DEFRAs calculations are based on the companies’ Regulatory Capital Value (RCV) which was first calculated in 1989, based on market value and adjusted each year by capital spending and depreciation. RCV is a pricing mechanism and has no relation to the actual market value of water companies. [1]
We disagree with DEFRA’s valuation in three main respects:
First, using RCV as a proxy for market value is flawed. DEFRA uses RCV as a proxy for the water companies’ debt and equity, which is supposed to indicate what has been spent on investment. This approach does not reflect the £83bn that firms have taken out of the water companies in dividends. Defra does not need to use a proxy for debt and equity, as spending as net debt is readily known (£70bn in March 24 detailed in Ofwat’s Financial Resilience Report ) and equity spending has been next to nothing. Shareholders have actually invested very little (People’s Commission Report p104).

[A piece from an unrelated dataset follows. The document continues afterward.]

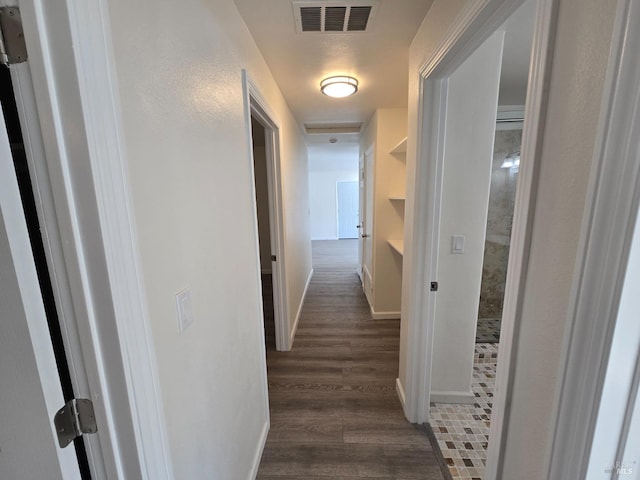 hallway featuring dark hardwood / wood-style floors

Second it is meaningless to value a company in terms of how much is spent on infrastructure without including the current condition of that infrastructure.
Third, we disagree that this figure reflects the value of the companies. Three of the water companies are publicly traded and currently the stock market valuation is considerably lower than RCV. DEFRA refers to the average market value over the last 30 years. Current market values would be a more relevant comparator. Using DEFRA’s methodology, Thames Water has a RCV of £21bn (which is the figure for Thames built into the Defra £100bn costs) but earlier this year could not even attract £4bn investment.
Both RCV and Enterprise Value are artificially high and should not be used to assess the costs of re-nationalisation.
With nationalisation, compensation (the cost of nationalisation) would be a matter for courts and valuation would be on the basis of an independent fair value assessment. When the dividends withdrawn and the costs required to rectify years of underinvestment are taken into account, the fair value could likely be closer to zero than £100bn (People’s Commission p 13).
We conclude that the motivation for this £100bn valuation is to protect the status quo and eliminate discussion of policy alternatives, especially public ownership which is normal in the rest of the world.
Our report sets out our recommendation to take struggling Thames Water into public ownership, as should be the case in light of the company’s persistent licence breaches. From here lessons could be learned before moving to other companies. (People’s Commission Report, Recommendation 2, p11)
In the long term, public ownership would increase transparency, reduce the costs of borrowing, reduce project costs, and allow surplus funds to be reinvested rather than paid to shareholders and provide cheaper borrowing. These gains would offset the costs of nationalisation and need to come into a valuation assessment.